The speed of AI-generated solutions created a perverse incentive. Team A built an automation for their piece. Team B built another for theirs. Each solution worked in isolation. Each was delivered quickly. Each looked like progress. Team C didn’t have time to improve their solution, so Team D built their own workaround to make it work — which became a permanent piece in the system.
But nobody stepped back to ask whether these pieces fit together. The problem space was too large for any single person to draft a perfect prompt — too many interconnected systems, too many unforeseen factors, too many organizational boundaries.

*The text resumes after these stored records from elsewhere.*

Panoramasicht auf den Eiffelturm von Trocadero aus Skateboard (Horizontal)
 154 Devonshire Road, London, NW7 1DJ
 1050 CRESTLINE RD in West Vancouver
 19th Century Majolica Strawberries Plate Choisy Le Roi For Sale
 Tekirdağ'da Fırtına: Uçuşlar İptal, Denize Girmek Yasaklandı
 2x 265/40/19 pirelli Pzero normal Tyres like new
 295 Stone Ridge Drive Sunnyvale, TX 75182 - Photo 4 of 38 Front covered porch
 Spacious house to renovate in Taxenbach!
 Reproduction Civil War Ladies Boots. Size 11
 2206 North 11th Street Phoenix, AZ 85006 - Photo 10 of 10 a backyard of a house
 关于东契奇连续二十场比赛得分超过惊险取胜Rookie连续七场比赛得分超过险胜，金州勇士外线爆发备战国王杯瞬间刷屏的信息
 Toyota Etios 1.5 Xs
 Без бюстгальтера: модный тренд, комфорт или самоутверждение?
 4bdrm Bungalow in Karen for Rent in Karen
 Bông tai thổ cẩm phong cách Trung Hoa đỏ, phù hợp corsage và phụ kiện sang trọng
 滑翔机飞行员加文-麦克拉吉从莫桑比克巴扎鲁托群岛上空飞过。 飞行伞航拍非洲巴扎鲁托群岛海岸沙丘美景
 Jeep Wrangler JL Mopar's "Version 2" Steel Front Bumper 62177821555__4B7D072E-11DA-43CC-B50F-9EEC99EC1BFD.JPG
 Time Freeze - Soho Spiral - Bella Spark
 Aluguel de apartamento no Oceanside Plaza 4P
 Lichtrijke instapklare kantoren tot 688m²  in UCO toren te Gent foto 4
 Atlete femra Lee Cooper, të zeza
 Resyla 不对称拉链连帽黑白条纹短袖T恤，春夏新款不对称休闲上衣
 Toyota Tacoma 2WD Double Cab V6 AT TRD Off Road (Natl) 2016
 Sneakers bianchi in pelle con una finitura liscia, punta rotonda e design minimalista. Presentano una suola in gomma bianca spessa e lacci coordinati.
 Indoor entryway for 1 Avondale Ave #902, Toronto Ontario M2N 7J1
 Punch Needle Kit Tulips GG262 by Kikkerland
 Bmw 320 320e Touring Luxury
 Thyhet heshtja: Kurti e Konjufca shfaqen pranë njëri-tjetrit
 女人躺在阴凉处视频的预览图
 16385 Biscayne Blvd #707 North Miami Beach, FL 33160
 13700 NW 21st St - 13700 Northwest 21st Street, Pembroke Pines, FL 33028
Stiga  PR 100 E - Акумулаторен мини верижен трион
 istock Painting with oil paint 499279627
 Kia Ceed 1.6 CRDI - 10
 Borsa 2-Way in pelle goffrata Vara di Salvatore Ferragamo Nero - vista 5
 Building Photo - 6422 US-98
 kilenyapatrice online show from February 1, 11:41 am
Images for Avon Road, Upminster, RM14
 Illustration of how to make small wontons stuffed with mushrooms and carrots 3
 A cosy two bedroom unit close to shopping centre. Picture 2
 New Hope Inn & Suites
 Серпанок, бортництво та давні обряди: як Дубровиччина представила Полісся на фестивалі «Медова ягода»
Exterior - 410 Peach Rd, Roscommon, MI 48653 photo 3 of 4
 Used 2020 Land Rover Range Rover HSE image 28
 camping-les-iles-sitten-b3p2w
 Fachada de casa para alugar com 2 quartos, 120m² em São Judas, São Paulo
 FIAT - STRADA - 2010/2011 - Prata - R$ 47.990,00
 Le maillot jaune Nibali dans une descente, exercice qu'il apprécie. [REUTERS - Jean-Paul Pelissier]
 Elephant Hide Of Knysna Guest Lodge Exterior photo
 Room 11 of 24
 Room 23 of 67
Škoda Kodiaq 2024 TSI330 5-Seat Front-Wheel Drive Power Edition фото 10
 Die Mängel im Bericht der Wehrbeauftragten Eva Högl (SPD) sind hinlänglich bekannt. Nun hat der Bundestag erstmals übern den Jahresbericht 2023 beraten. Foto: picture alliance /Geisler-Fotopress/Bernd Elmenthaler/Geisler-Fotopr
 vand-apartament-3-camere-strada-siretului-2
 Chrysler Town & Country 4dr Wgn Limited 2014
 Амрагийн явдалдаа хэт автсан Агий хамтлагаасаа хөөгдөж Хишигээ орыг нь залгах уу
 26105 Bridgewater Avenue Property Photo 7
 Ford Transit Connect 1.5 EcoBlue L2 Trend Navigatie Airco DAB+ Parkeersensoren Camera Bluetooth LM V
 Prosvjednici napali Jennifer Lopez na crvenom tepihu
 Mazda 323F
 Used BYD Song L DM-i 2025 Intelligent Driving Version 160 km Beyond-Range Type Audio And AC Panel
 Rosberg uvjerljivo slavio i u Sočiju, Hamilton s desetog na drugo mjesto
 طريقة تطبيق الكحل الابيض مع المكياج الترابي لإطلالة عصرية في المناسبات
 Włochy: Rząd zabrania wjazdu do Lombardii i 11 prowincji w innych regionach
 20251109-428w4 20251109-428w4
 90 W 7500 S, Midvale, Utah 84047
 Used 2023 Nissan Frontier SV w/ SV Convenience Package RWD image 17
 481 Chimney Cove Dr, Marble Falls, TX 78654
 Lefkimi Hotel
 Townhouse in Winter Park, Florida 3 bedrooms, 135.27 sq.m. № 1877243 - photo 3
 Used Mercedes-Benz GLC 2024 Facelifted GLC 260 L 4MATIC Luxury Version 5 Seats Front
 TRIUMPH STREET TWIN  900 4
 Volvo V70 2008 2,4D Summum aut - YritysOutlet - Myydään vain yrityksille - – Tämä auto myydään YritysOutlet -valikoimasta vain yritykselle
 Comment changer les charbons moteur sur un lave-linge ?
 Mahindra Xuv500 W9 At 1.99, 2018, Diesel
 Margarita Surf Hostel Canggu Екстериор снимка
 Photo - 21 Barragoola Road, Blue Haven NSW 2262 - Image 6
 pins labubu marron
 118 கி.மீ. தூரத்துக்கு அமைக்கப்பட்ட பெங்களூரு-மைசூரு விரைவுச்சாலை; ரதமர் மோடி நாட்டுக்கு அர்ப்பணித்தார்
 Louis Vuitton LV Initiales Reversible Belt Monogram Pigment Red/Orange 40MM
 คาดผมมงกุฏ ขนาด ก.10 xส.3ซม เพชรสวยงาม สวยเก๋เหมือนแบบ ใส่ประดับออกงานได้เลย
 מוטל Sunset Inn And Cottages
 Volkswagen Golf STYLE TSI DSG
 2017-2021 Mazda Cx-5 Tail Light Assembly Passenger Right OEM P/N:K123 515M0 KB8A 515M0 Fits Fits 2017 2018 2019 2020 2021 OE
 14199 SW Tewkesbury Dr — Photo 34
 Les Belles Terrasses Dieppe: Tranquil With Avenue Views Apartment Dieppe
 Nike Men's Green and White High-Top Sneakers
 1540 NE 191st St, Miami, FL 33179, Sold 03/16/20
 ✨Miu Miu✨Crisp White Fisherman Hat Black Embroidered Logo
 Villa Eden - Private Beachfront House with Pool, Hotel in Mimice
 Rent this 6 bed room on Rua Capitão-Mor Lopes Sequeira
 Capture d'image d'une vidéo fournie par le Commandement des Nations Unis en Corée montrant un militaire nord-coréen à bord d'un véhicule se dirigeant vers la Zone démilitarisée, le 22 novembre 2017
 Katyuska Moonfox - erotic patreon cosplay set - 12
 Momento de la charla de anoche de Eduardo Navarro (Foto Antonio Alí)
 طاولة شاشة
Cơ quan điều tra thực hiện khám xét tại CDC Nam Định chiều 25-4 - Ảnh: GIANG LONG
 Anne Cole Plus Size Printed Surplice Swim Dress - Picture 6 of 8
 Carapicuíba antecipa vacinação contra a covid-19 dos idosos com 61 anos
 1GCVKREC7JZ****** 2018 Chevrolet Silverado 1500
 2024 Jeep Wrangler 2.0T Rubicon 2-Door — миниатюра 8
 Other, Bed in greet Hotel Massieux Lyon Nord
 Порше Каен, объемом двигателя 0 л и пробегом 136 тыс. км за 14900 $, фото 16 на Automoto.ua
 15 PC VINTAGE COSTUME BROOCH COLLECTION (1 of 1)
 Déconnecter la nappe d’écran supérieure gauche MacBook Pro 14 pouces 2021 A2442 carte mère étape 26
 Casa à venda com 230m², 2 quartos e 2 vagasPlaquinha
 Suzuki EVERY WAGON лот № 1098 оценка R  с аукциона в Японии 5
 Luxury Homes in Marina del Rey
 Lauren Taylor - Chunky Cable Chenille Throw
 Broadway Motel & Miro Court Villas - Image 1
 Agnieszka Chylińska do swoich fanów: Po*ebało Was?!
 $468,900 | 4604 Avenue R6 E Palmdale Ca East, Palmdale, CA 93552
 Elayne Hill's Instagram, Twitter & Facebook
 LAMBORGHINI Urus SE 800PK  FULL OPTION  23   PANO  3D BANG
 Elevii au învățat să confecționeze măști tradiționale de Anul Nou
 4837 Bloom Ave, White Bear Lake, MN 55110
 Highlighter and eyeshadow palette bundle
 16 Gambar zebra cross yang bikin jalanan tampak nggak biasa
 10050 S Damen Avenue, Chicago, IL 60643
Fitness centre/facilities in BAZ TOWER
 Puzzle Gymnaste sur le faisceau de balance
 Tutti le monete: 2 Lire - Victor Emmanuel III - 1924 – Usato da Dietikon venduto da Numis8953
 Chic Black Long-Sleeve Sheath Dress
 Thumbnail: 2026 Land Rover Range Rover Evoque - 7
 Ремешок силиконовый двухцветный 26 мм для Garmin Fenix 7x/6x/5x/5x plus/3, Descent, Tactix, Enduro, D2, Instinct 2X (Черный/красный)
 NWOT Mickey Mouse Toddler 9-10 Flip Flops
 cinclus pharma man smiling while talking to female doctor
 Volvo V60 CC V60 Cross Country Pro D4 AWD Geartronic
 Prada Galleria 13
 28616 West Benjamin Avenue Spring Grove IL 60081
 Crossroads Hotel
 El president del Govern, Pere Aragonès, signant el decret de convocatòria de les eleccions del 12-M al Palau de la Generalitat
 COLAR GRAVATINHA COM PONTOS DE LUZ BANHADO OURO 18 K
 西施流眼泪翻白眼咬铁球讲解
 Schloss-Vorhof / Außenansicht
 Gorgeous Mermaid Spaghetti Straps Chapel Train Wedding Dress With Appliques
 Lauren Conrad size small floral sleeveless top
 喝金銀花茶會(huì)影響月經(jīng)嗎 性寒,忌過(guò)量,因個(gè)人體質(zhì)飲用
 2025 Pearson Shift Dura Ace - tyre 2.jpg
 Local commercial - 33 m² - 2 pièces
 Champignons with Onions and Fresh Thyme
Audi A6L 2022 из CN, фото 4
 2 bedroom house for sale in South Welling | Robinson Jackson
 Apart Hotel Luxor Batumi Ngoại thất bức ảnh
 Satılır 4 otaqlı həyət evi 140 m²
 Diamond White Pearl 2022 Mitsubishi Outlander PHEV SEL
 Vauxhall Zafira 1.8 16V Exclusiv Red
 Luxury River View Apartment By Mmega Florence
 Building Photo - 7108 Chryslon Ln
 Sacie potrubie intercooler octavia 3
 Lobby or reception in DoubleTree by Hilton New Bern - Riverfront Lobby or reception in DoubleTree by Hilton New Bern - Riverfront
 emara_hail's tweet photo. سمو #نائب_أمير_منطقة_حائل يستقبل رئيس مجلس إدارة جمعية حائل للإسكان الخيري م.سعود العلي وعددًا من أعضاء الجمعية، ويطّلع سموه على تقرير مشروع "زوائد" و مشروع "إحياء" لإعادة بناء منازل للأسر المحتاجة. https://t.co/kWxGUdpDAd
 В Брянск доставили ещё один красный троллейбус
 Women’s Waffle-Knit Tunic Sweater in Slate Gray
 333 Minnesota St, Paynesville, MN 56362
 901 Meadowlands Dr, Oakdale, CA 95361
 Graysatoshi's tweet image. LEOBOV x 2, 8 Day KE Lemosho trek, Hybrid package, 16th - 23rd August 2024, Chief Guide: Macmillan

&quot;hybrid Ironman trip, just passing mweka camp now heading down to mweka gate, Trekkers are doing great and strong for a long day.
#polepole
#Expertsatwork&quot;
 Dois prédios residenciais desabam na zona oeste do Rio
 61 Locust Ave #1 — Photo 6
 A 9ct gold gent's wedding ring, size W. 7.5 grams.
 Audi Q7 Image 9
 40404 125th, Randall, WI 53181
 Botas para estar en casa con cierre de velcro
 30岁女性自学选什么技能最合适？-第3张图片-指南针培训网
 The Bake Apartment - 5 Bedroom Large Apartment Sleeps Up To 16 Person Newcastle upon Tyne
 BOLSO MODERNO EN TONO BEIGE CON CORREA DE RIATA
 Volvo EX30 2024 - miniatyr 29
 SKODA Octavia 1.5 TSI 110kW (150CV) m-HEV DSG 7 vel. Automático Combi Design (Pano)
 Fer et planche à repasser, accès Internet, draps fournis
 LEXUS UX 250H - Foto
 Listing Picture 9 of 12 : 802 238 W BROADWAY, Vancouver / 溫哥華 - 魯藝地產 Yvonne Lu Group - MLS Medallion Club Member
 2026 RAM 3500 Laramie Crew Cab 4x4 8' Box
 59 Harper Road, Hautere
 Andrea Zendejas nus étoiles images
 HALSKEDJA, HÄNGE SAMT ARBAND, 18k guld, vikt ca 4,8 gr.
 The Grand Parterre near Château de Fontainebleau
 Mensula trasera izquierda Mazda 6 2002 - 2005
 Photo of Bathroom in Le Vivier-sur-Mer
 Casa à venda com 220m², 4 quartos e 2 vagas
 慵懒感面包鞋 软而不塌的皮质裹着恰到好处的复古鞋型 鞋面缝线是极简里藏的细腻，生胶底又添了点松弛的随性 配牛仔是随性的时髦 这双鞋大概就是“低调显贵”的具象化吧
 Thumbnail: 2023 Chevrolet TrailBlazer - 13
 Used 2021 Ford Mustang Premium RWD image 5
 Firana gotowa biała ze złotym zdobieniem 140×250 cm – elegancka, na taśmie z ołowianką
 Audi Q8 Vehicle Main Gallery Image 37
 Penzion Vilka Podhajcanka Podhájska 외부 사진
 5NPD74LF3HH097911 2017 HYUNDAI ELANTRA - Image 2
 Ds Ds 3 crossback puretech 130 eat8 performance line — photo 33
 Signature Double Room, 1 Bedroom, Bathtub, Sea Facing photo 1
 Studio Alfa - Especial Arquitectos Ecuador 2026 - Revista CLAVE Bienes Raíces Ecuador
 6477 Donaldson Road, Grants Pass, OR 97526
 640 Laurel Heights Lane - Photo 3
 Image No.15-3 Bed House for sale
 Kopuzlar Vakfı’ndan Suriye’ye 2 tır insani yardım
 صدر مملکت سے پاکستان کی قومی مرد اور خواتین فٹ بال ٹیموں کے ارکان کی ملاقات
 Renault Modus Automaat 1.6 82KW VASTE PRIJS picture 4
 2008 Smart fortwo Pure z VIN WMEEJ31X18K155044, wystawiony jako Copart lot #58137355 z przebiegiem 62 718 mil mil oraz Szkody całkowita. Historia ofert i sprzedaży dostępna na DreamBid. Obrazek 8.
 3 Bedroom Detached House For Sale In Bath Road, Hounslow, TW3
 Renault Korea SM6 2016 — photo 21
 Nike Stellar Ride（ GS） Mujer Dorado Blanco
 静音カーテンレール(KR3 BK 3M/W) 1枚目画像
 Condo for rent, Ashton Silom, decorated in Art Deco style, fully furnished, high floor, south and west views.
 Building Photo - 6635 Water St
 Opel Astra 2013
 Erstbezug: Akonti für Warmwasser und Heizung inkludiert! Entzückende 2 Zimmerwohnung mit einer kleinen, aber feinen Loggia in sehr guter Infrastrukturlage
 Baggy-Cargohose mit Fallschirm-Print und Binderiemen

Solutions got created so fast that the real complexity was hidden. Every quick fix masked a deeper architectural question that never got asked. The system grew into a web of small, interconnected “solutions” — each correct in isolation, incomprehensible as a whole. The real tech debt wasn’t in the code. It was at the system level — in the gap between what was built and what was understood.
That gap created something worse than bugs: distrust between teams. Data flows across components got modified and transformed at every boundary — like a game of chinese whispers played across hundreds of branches. Each team adapted the data to fit their solution, added their own transformations, their own assumptions. The result was a system so complex that nobody could trace a single value from end to end. So we called them “edge cases” — but combined, they weren’t edge cases at all. They were a large portion of the problem. It was easier to create solutions that fit the data as it arrived than to put constraints in place that forced things into shape upstream. This is the kind of complexity that even AI will fail at — not because the models aren’t capable, but because the problem is no longer legible to anyone or anything. When nobody can understand the whole system, every team suspects the others are the source of the problems. Coordination breaks down. More meetings. More patches. The cycle accelerates.
Replacing a hammer with a nail gun doesn’t mean we should nail everything.
The Engineering Discipline Lives On
Given a problem space and a set of tools, engineers build systems that work and produce results consistently. That’s what we do. That’s what we’ve always done. The tools changed — we went from deterministic algorithms to probabilistic models. But the discipline is the same.
Manufacturing engineers don’t expect zero defects. They design quality control systems that keep defect rates within tolerance. Civil engineers don’t expect zero variability in materials. They design with safety margins.
We’re doing the same thing with AI. The harness is how we get reliable outcomes from a probabilistic system. Not perfect outcomes. Reliable ones.
When building is cheap, the expensive thing is knowing what to build. When generating code takes minutes, the valuable skill is knowing which code should exist at all. The harness isn’t just a technical construct — it’s the practice of defining constraints before reaching for the tool, understanding the problem before generating the solution, asking “who owns this?” before shipping it.
The Takeaway
Artificial intelligence — as we call it now — is not a replacement for thinking. It’s an amplifier of our ability.
It amplifies good engineering and bad engineering alike. It amplifies clarity and confusion. Discipline and carelessness. The output scales with whatever you feed in.
The harness is not to limit what AI can do, but to reduce the likelihood of bad outcomes and increase the likelihood of good ones. Define the boundaries before you build. Map the ownership before you automate. Understand the problem before you generate the solution.
My most important constraint isn’t technical. It’s critical thinking.
The tool changed. The thinking didn’t.